§ **Task directions**: The answer is one number: how many lines in the data below hold "Christmas".

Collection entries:
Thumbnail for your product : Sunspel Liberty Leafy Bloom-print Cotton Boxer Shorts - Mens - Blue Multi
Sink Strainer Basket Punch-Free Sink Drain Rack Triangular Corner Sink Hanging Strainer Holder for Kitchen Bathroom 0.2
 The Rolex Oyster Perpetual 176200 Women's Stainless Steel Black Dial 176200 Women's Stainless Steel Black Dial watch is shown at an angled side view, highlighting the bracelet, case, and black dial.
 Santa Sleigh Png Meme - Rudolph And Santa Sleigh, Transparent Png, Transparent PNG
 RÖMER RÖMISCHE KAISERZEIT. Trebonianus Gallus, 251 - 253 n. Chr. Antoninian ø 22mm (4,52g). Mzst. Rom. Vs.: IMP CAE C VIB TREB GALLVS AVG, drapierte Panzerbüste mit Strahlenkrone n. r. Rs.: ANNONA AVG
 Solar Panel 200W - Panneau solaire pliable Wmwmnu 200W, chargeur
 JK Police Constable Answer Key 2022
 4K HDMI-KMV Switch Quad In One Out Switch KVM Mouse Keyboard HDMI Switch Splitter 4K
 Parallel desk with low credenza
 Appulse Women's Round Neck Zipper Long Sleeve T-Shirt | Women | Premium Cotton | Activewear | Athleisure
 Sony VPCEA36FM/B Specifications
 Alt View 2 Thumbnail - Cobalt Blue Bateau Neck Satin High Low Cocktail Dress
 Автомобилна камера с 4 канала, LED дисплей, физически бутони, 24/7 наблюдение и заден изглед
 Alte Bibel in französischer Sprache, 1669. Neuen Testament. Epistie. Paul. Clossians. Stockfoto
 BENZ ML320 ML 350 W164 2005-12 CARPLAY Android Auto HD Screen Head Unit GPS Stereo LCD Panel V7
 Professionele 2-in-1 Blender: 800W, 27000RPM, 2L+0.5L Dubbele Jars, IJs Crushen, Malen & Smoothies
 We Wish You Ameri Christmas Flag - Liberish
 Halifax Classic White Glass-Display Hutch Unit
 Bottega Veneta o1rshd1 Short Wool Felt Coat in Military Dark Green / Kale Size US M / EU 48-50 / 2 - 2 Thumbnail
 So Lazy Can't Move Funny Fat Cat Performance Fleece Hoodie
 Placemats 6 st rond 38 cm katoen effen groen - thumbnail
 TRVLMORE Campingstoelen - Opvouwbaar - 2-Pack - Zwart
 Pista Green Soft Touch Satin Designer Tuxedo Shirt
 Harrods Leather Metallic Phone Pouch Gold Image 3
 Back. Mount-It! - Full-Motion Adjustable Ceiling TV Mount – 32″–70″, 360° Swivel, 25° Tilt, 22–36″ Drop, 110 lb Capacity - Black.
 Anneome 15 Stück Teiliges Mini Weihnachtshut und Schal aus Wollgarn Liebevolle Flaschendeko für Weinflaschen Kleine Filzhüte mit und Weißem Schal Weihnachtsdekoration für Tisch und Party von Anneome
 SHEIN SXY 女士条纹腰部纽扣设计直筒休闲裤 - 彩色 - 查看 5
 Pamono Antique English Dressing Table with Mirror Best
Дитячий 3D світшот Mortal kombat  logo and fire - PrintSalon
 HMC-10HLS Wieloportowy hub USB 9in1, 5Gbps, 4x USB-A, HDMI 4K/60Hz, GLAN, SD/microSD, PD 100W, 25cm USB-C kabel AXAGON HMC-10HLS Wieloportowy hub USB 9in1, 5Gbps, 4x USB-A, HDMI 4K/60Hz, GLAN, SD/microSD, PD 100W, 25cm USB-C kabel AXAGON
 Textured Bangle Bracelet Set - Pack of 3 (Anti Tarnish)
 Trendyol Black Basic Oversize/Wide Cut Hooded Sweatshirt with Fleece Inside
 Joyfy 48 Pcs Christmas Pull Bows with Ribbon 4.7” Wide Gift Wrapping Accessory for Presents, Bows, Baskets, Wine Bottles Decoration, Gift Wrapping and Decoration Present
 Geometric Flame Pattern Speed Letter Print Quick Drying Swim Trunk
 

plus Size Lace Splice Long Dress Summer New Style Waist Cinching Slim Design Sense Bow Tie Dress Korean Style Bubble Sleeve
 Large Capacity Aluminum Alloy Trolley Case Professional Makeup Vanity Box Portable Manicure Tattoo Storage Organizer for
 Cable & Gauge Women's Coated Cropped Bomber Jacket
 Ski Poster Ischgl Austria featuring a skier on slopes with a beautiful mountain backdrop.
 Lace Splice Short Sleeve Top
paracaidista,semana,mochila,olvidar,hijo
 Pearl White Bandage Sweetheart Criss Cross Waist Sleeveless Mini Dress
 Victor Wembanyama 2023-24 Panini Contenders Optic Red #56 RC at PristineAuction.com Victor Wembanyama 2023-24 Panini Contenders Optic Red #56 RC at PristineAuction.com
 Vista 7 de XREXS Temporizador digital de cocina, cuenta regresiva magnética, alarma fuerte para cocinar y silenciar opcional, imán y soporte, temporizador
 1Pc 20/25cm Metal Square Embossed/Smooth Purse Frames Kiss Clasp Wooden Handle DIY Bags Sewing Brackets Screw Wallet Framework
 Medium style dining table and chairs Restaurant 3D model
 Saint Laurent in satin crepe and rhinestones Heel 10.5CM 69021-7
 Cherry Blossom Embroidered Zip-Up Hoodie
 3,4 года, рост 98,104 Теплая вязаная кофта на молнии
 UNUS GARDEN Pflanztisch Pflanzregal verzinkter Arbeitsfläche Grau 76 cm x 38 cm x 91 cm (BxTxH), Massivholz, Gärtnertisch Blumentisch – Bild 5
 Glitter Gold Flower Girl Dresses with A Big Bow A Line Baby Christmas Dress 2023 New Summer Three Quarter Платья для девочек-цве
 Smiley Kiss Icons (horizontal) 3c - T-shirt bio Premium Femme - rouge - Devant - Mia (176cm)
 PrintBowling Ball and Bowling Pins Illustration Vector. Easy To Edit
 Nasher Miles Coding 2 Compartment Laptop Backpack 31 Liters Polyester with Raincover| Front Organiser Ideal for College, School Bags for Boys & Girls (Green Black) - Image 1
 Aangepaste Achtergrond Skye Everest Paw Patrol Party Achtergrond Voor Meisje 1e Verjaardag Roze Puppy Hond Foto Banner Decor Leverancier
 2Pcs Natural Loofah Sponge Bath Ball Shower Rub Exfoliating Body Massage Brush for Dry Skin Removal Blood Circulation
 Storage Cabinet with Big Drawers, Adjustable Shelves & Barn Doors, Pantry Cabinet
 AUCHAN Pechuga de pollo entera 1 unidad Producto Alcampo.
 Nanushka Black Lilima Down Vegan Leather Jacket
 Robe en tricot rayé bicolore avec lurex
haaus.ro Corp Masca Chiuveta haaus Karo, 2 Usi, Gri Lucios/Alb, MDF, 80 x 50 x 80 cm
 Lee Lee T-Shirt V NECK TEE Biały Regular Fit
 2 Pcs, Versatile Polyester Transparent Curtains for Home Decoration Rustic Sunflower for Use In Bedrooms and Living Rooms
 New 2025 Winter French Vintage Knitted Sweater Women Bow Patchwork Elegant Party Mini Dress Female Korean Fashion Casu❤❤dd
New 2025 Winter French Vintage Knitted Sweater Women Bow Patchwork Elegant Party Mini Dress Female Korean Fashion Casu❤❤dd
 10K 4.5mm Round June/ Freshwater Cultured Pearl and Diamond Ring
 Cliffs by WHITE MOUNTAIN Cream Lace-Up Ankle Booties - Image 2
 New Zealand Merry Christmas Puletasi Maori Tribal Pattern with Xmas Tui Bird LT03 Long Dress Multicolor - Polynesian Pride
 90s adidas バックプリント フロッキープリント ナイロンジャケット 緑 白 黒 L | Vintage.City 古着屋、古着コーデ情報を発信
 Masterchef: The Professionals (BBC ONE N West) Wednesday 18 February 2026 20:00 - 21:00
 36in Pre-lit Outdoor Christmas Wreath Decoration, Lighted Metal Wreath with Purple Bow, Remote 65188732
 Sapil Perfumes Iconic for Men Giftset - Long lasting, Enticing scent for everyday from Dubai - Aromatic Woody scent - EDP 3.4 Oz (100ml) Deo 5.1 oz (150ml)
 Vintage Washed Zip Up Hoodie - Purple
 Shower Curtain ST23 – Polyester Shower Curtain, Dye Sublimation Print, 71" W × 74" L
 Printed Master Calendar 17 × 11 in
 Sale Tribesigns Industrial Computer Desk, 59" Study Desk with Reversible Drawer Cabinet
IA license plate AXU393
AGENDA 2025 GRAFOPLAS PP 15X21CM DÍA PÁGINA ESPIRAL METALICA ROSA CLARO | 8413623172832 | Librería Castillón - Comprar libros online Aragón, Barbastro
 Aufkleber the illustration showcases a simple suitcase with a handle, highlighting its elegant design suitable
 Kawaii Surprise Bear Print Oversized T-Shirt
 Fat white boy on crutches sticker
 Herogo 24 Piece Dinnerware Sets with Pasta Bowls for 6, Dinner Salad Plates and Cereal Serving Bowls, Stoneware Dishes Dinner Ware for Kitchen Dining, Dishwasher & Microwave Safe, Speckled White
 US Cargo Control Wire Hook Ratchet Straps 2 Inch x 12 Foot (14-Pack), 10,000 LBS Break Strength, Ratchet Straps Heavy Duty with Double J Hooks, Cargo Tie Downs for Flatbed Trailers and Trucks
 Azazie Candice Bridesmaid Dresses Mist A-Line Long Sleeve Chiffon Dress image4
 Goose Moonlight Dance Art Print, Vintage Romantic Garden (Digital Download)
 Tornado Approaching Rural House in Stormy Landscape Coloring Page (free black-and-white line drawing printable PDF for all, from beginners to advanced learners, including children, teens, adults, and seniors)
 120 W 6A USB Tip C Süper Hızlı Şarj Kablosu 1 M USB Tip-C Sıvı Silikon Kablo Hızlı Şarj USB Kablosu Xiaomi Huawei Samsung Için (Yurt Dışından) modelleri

§ **Your solution**: 5